Q: My 10-week-old Border Collie has boundless energy. Besides daily walks, she gets an hour of play and an hour of training every day. She’s super smart and already knows how to sit, lie down, and roll over. But how do I go about teaching an overly excited puppy how to settle down or be calm?

A: Puppies are adorable but don’t be fooled by their innocent faces! While fun, puppyhood can also be the most difficult period of owning a dog. Canines are born not knowing what they are expected to do, so getting excited and jumping on people is, unfortunately, our fault because we allow them to become like this.

When a puppy jumps, his behaviour is reinforced because he gets noticed, followed by a pat on the head. Excitement and not being able to settle down are also caused by humans because we allow a young pup to get excited and do not teach him impulse control, which involves controlling excitement. One of the highlights in my puppy classes, teaching impulse control is very important because most young dogs do not know how to control their excitement. They get frustrated when they do not get what they want, and the frustration may result in a mixture of behavioural problems such as barking.
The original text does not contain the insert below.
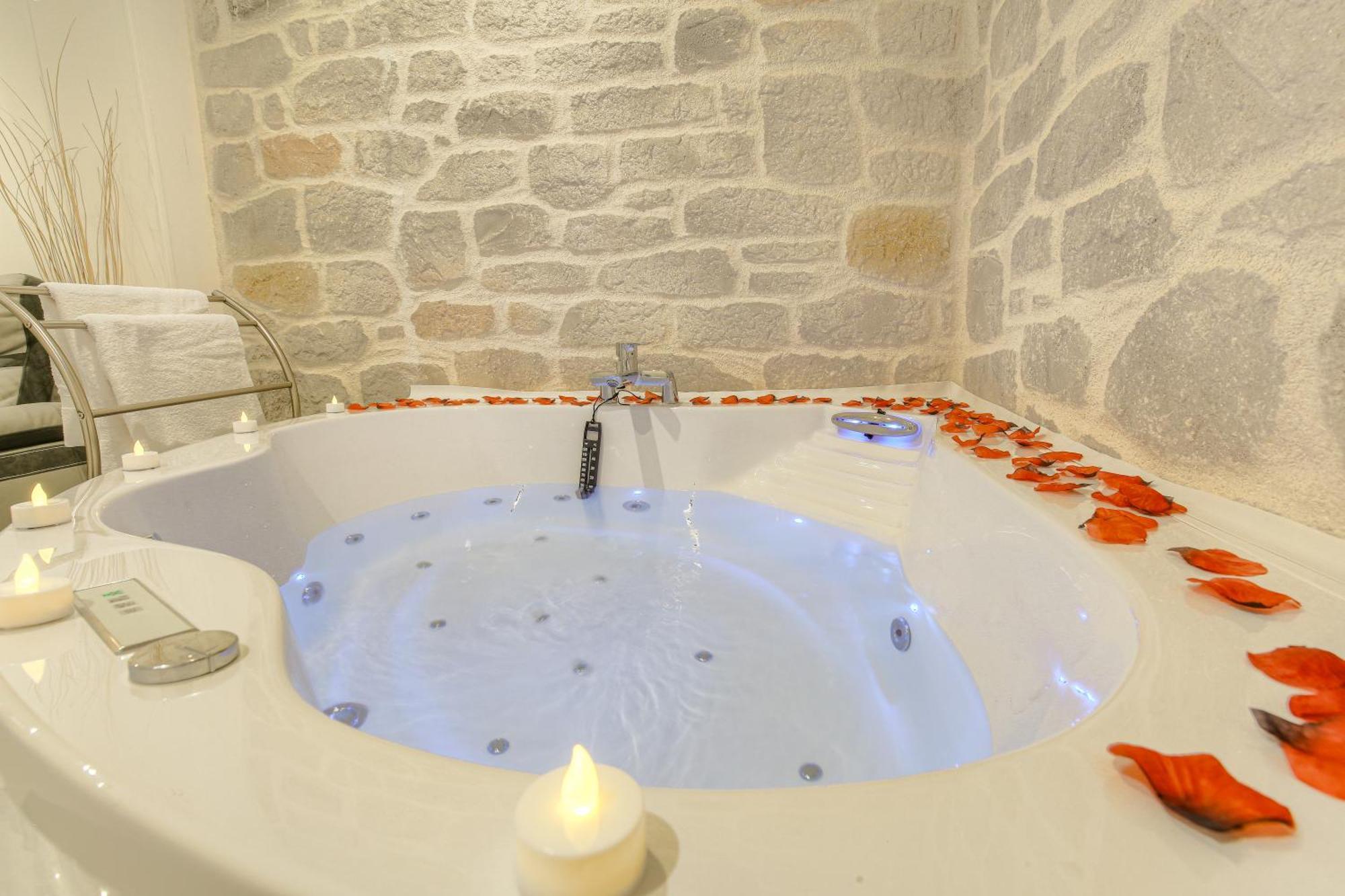 La Suite Neuvilloise Neuville-sur-Saône Extérieur photo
Walking your dog, playing and training are good ways to tire your puppy. However, they have to be done correctly to avoid your little canine from learning more mistakes. If your pooch sees the leash and starts jumping up and down in excitement and/or whining, then you shouldn’t bring her for a walk until she calms down. If you play with your furkid and she starts to get rough, mouths or nips your hands and jumps crazily, then the playing should stop until she calms down.

To teach a dog to stay calm, the same methods have to be consistently applied to almost everything she does, such as waiting to eat, waiting for your attention and so on. By applying this to various situations, your dog will learn to generalise that she has to stay calm for everything. If you shout and scold Fido for the naughty behaviours, she will still take it as “attention” and the bad behaviours will continue. Start rewarding for calm behaviours and ignore all the jumping and excited ones. In this way, your little pup will learn that having all four paws on the ground, sitting nicely and lying down gets her more attention and she will start offering calm behaviours more frequently.